Nereye bağlasam bilmem ki bu gerildikçe gerilen halimi? Bize bu ülkede rahmet okumak bile çok görülür. Cuma günü Taraf Gazetesi’nde Alper Görmüş’ün ‘Hrant’ın Müslüman Arkadaşları’ adlı bir yazısı vardı bu konuyu işleyen. Hrant’a rahmet okuduğu için bir dostu tarafından eleştirilen bir okuyucusundan aldığı ileti üzerine kurgulanmıştı. Ben bu konuyu çok deştim vaktinde. Burgazada Sevgilim kitabında ölen Rumlara rahmet okuduğum için birkaç okuyucudan eleştiri almıştım; Hıristiyanlara “Toprağı bol olsun” denir diye. Hatta ilk kitabımda hayvanlara rahmet okudum diye kimse laf etmemişti, Hıristiyan’a okumama itiraz ediliyor diye isyan edip, vermiş veriştirmiştim.

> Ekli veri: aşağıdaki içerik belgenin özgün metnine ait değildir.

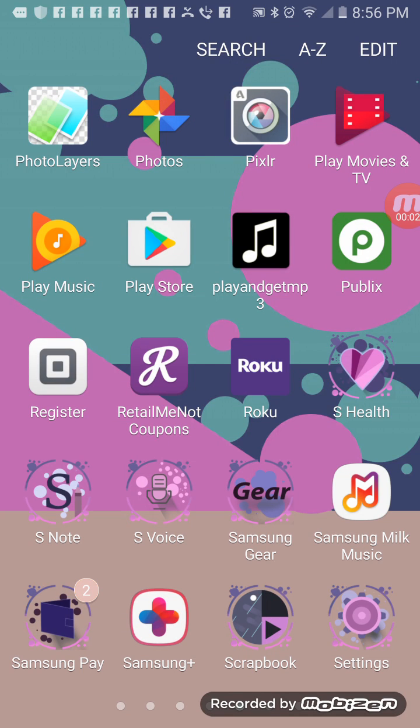This is Tierra Robinson coming to you with a video showing you how to create a flyer on your phone.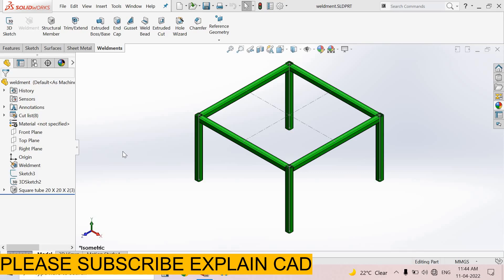Welcome back to explainCAD. In this tutorial, we will learn how to use trim in weldments. First of all, we edit this sketch. You can also create another sketch.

Önce dinle başlıyor demek, kendisinden başkasına hak tanımama durumu. Kendi inancından başka bir inancı olana Allah’ın bile ayrımcılık yapacağına inanan nasıl ayrımcı olmasın? Ay ben keseyim artık. Yazdıkça rahatlarım çoğu zaman ama bu kez öyle olmuyor. Bir şey başka bir şeyi tetikliyor. Bari espriye sarayım. Niye “Toprağı bol olsun” deniyor acaba? İsa dirilmişti ya, dirilir mirilir, üstünde bol toprak olsun da çıkamasın diye mi? Denizde boğulup da cesedi bulunmayan Hıristiyan’a ne denmeli? Suyu bol olsun mu?